Telle est donc la France d’après-demain dans laquelle un certain Bastien Lebaye prétend s’essayer au métier donnant son titre au roman, ou plutôt à la pièce de théâtre qu’est en réalité L’Homme-canon. Rompant en effet avec la narration romanesquement omnisciente caractérisant ses livres précédents, Christophe Carpentier fait ici le choix de composer une œuvre exclusivement dialoguée, s’articulant en scènes qu’émaillent des didascalies. Efficacement servi par une ironie oscillant entre celles de Swift et du stand-up contemporain, ce parti-pris d’écriture convainc d’autant plus que le monde qu’il restitue est lui-même fondamentalement théâtralisé.
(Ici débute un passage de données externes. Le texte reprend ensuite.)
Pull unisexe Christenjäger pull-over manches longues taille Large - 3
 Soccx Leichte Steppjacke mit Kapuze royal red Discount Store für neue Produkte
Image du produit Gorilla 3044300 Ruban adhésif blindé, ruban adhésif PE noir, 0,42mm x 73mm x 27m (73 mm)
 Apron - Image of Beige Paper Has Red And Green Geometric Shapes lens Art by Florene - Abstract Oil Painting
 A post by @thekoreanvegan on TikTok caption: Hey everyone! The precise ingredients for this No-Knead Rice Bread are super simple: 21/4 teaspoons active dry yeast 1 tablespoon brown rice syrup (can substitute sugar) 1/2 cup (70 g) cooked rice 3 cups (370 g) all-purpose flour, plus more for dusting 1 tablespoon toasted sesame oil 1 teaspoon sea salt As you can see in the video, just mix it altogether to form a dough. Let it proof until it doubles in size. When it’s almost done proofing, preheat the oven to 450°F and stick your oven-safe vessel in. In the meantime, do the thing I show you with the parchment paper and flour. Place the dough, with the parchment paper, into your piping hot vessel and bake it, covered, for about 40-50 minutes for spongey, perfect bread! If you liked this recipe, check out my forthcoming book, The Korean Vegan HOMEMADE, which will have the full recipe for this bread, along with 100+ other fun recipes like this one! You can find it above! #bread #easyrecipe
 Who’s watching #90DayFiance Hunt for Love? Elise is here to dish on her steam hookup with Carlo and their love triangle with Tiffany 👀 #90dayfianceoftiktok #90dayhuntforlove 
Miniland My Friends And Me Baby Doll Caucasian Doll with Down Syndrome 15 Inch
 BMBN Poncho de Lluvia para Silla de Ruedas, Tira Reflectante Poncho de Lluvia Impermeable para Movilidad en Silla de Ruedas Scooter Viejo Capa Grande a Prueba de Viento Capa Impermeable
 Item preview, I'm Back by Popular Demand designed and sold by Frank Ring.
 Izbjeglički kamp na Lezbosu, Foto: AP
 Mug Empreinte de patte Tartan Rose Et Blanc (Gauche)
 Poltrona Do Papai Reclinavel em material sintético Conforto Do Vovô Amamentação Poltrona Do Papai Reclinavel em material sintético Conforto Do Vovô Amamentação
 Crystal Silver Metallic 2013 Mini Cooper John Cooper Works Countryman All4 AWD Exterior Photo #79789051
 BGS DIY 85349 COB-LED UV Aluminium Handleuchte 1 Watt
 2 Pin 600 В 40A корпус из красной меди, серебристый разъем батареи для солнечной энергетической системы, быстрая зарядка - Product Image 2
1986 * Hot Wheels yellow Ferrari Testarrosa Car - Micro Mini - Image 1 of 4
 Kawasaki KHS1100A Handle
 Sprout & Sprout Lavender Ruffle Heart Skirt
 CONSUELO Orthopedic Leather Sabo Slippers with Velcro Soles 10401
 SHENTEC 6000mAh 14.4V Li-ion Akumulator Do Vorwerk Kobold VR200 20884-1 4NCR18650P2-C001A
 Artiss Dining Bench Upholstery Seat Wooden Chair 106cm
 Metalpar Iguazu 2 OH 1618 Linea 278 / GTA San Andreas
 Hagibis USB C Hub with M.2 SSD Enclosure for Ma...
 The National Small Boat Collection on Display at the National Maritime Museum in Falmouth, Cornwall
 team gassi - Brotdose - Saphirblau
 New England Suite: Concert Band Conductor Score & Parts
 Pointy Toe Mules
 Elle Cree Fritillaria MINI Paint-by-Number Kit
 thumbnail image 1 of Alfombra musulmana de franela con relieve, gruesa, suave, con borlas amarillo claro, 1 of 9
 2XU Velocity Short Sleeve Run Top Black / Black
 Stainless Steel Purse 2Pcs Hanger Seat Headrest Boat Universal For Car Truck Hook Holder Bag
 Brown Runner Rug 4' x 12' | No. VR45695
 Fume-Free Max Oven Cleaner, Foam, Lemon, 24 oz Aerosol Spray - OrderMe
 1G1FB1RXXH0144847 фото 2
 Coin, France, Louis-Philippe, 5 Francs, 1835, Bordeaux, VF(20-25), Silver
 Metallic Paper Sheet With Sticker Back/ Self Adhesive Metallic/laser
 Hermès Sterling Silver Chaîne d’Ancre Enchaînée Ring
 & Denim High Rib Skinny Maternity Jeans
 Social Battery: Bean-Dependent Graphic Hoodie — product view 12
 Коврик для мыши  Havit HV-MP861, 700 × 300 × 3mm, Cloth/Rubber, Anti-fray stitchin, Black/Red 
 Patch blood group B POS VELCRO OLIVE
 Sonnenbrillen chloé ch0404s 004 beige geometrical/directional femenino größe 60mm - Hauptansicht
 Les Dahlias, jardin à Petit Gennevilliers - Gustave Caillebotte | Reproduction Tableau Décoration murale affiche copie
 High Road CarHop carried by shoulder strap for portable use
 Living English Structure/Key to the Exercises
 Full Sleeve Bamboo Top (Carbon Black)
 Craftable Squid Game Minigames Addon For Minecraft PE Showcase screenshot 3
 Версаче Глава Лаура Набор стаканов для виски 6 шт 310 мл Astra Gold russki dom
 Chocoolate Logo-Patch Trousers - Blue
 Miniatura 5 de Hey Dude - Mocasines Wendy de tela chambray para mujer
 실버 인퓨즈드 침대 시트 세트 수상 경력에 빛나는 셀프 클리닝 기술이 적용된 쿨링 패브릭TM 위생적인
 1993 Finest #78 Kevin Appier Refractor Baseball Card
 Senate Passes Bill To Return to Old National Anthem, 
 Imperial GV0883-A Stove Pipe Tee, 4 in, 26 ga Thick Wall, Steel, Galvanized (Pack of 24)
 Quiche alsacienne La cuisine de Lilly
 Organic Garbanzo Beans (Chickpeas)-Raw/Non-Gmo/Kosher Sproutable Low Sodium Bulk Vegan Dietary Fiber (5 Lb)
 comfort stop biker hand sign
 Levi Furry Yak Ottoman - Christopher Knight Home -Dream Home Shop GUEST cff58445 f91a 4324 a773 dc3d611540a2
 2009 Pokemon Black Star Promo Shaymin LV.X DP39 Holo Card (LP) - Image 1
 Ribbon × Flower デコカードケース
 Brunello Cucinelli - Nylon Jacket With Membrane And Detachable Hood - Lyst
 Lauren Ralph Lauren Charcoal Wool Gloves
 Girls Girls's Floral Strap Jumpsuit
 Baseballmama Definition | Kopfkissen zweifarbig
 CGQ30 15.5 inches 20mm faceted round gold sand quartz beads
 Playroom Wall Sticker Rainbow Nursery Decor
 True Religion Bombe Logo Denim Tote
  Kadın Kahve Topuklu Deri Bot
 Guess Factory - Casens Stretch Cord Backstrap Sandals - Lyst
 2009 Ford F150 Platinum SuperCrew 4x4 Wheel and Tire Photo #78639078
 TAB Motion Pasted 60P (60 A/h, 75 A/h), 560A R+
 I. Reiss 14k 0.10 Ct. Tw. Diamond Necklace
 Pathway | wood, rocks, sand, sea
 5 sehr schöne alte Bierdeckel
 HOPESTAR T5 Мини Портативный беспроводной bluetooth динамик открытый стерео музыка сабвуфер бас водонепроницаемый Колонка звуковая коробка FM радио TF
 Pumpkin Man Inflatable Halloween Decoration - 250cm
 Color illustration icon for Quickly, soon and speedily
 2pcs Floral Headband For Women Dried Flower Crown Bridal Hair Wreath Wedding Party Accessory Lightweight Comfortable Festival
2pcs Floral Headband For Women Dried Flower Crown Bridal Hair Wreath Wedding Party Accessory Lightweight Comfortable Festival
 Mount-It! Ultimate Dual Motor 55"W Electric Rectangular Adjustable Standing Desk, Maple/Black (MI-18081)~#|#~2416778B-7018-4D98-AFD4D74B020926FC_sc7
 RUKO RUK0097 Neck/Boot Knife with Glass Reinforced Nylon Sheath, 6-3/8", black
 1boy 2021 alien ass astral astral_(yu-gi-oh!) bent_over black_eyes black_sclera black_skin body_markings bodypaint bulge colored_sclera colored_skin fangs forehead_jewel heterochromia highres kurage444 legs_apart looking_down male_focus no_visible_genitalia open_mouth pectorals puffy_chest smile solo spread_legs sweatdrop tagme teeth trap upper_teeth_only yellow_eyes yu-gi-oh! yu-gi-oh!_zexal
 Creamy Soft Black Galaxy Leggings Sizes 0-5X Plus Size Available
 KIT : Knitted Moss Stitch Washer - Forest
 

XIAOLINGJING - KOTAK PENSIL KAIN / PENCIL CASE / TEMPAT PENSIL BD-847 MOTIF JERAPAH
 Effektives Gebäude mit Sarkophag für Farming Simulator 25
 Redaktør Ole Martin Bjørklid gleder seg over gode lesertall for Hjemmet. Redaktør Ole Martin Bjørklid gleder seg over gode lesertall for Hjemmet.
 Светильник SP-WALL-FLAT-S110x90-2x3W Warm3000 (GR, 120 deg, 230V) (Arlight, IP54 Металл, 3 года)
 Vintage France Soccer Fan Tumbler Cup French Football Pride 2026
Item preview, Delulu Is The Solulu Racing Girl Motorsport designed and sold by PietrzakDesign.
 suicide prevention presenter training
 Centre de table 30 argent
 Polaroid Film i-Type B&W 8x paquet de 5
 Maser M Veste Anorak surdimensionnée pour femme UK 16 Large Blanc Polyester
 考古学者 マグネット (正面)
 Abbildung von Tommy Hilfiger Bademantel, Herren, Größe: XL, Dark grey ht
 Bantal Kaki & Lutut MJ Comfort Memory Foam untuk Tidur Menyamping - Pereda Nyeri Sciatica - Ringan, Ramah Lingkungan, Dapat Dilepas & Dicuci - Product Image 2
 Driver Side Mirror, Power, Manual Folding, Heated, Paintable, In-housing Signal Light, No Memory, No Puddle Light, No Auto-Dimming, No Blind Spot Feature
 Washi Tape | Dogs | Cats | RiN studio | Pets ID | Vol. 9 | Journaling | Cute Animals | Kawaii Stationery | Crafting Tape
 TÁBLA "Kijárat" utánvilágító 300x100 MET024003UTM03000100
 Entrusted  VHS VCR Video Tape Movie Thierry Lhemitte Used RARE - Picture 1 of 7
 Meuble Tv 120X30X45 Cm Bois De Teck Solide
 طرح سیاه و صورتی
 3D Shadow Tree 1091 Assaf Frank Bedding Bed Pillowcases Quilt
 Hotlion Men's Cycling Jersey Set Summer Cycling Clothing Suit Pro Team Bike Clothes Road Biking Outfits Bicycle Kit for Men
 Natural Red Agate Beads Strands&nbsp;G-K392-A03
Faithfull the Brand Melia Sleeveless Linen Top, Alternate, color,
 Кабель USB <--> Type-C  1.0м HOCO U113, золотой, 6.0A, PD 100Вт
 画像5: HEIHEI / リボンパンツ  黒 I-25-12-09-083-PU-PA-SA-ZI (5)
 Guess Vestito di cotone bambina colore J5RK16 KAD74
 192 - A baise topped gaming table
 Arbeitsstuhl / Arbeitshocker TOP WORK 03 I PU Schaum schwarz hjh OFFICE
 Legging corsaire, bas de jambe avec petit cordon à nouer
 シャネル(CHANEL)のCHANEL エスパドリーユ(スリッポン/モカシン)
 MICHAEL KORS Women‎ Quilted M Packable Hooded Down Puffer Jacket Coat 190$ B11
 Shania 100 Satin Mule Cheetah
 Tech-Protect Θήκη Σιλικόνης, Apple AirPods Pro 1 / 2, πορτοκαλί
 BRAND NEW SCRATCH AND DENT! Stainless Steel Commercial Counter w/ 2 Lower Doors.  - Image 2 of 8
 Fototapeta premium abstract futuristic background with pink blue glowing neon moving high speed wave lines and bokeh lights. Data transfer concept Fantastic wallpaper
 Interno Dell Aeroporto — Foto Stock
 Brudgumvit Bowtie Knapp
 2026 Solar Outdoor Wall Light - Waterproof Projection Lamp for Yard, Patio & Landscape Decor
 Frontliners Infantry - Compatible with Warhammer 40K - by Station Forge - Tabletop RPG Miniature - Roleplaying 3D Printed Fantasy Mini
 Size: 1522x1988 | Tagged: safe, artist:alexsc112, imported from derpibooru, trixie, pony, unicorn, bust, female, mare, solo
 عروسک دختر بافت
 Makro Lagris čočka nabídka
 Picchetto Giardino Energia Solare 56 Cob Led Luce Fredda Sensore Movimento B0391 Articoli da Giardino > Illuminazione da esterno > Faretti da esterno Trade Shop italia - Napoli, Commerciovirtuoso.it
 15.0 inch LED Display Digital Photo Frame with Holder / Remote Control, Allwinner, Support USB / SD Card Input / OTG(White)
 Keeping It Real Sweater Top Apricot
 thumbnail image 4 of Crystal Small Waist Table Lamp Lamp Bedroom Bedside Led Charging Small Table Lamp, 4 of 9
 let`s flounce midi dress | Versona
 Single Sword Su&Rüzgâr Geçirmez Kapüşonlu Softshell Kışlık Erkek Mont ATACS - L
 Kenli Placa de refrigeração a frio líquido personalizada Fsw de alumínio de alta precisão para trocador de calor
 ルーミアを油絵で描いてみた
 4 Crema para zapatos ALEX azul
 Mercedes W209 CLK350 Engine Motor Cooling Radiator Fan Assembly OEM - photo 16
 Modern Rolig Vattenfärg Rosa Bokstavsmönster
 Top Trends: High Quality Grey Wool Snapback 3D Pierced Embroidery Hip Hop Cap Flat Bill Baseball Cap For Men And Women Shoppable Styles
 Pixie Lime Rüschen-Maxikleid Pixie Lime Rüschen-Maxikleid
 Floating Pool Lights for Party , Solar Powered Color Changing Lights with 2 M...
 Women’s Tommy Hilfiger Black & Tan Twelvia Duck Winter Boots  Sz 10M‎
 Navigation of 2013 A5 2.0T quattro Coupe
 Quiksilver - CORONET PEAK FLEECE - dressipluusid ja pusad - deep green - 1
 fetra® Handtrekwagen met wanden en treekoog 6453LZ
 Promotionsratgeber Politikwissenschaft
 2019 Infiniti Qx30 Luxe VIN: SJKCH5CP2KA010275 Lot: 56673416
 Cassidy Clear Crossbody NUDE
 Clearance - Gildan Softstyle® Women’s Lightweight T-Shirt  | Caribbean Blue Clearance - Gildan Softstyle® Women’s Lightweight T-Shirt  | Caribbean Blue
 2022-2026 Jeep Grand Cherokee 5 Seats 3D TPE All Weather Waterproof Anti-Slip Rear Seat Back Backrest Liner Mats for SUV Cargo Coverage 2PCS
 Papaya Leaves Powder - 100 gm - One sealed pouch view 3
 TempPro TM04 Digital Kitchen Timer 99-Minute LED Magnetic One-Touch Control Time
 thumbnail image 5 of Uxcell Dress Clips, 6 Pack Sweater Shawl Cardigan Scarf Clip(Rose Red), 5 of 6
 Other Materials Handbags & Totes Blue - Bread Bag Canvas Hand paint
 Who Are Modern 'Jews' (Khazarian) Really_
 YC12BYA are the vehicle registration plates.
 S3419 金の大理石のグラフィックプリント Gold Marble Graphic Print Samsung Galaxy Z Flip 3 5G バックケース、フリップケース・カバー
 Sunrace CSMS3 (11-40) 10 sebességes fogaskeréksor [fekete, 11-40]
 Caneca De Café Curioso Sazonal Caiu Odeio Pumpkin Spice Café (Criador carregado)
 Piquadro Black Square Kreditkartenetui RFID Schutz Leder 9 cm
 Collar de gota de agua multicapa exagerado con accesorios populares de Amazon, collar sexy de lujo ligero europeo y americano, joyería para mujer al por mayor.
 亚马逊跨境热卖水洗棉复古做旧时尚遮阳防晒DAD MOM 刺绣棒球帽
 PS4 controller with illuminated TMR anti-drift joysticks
Notamment du fait de l’action aliénante d’une inédite « démocrature » qui use comme arme de domination massive d’une télé n’ayant de « réalité » que le nom. Une dramatisation du réel que se propose de contrecarrer Bastien selon une praxis dont l’on ne révélera rien. Car la puissance d’impact de L’Homme-canon tient aussi à un art certain de la surprise…

Croisement ô combien stimulant entre univers dystopique et écriture théâtrale, L’Homme-canon confirme la singulière fécondité de Christophe Carpentier au sein de la SF francophone.